Last Friday i was CRUSHED.  I had not gotten the expected Article 5 Notice.  I called Steve at the agency, and he told me "well it had been taking 3 weeks, but now it's looking more like 4 weeks"  well where does that put me in terms of travel?  "looks like the 2nd December group, the one leaving December 13".  

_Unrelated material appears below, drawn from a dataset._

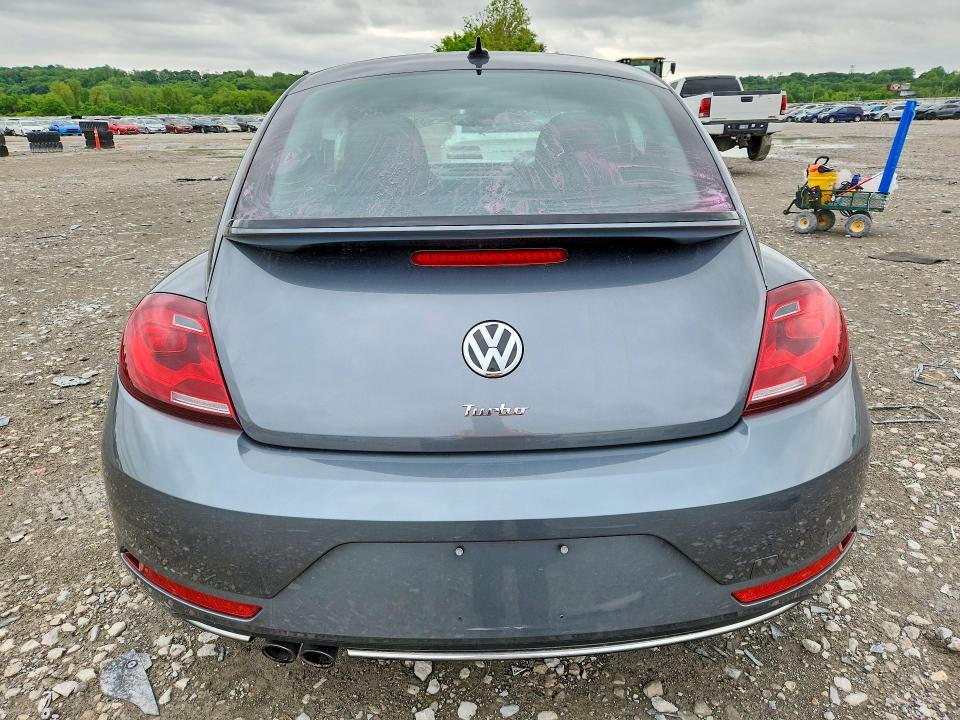 Продажа на аукционе авто 2018 Volkswagen Beetle, vin: 3VWJD7AT0JM701918, номер лота: 51631756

in China by December 13.  to be exact, in Dylan's province ON December 13th.  That would mean missing the kids dance recital, missing the lead up to it, (extra rehearsals, hair appts, make up application, picture day, dress rehearsals)  who would do all of that with the kids?  I'd also be gone for Christmas.  Something i didn't think would bother me.   Turns out it did bother me.   Add to this the slight warning Steve issued, "during the holidays, it's not always easy to get appts, and appts made with the US Consulate, can sometimes be changed.)  So I'd risk being in China longer than expected.  Given ANY other month, this would be pretty cool.  But December is also high season so the flights, hotels, etc are at a premium.   I was crushed.  this was the worst news i could get (yeah there are far more worserere things, but on Friday THIS was the WORST).

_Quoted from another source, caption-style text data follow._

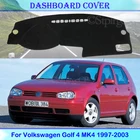 Чехол на приборную панель для Volkswagen VW Golf 4 MK4 1997-2003, защитная накладка, аксессуары, чехол с защитой от солнца и света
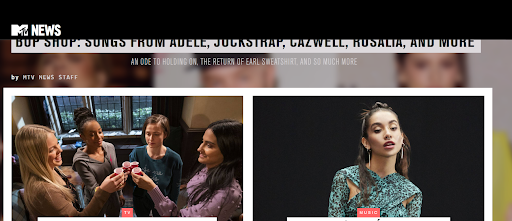 15 famosos sitios web de Wordpress que están en la cima de su juego 21 noticias mtv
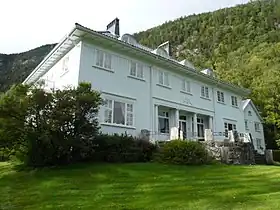 Norsk Hydro main building at Rjukan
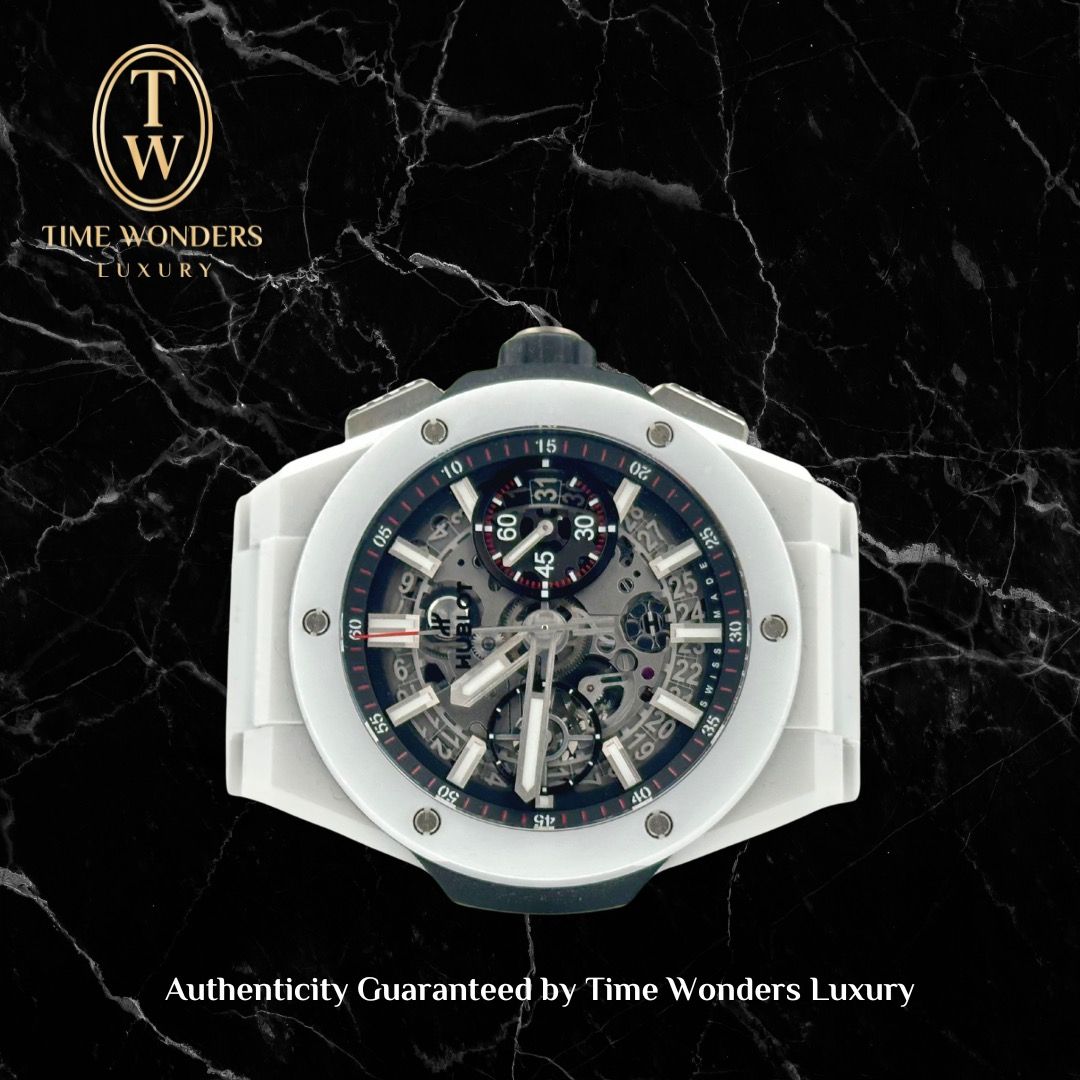 Hublot Big Bang White Ceramic 42mm 451.HX.1123.HX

Discussions with Jeff pursued.  I told him i could not be in the December 13th group.  (he wanted me to travel in 2013 so we'd get the tax credit.  screw the money i yelled!!)  I was not willing to miss the kids dance recital and spending Christmas with them.  That would mean I'd be leaving early January instead.  But, that would also mean Dylan would spend a whole extra month, alone, without her family, without us.  Peering into the future, i saw myself sad and miserable on Christmas Day.  Dylan should be with us.  She should be home with her family.  This is all wrong.   Talk about your Sophie's Choice.  Abandon my two kids to bring Dylan home, or neglect Dylan to be home with David and Emma.  Both scenarios miserable. a no win either way.

well, today Tuesday, i got an email saying i got my Article 5 Notice!   yippity dippity dawg!!!!   I rushed to tell Todd Travel Guy and of course he blew my bubble by warning, "you haven't gotten TA yet, let's wait til you get that before booking any flights.  TA's could take 2 to 4 weeks"

okay so today i tell  myself  BREATHE... just breathe.   please breathe.  I'm sure I'm experiencing mild panic attacks.  I've been an unbearable beast at home to all.  I am not a pleasant person when I'm stressed.  and I'm oh so stressed.

Dylan needs to be home with us now.  I just want her home so we can begin the business of being a family!

1 comment:

  1. I love that you got it right when it seems like there was no hope for a positive solution.